Ensuring that state and local governments remain competitive for millennial IT talent is a top priority for many leaders, because it’s no secret that much of the public-sector IT workforce is aging. Alameda County, Calif., has done more than talk about the problem though. County leadership convened a task force “to ensure that Alameda County is an employer of choice not just for the millennial generation, but employees of any age.” The only way to tackle the problem is to address it, assess it and strategize around it. For this reason, Alameda’s leadership is worth following.
The work to improve citizen services and engagement is an ongoing challenge for any locality, but Chesterfield County, Va., holds itself to a higher standard by assigning “customer relationship managers” to county departments. These CRMs “ultimately serve to ‘de-mystify’ IT for their customers — the departments — and advise them on new technology initiatives that can be used to more efficiently conduct operations, advocate for the business customers’ needs and help navigate the IT processes that are necessary to complete projects.”

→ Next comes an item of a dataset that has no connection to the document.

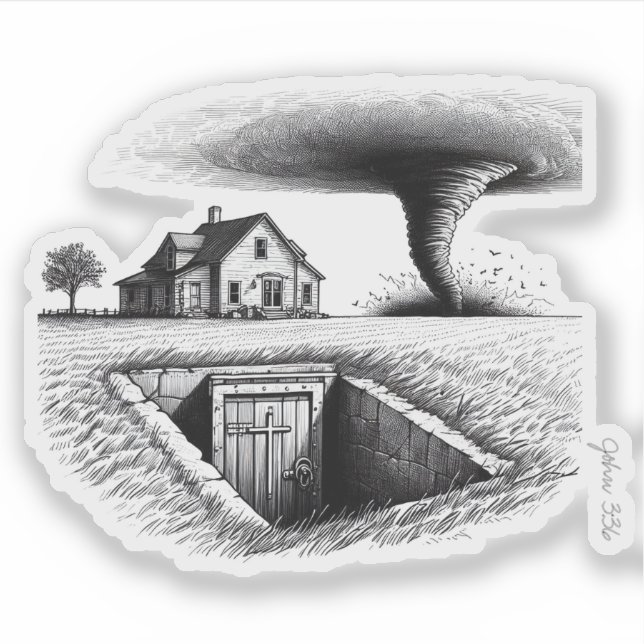 Tornado House Cellar with Cross (Front)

Many governments say that they’re prioritizing mobile experiences, but Boone County, Mo., has taken things a step further by specifically focusing on its job application process and making it mobile-friendly. The goal is to allow an applicant to go through the entire application process on his or her mobile device. The Sheriff’s Department in particular has eliminated the need to manually fill out specific documents in the application process, and similar enhancements have been made in applications for appointments to county boards.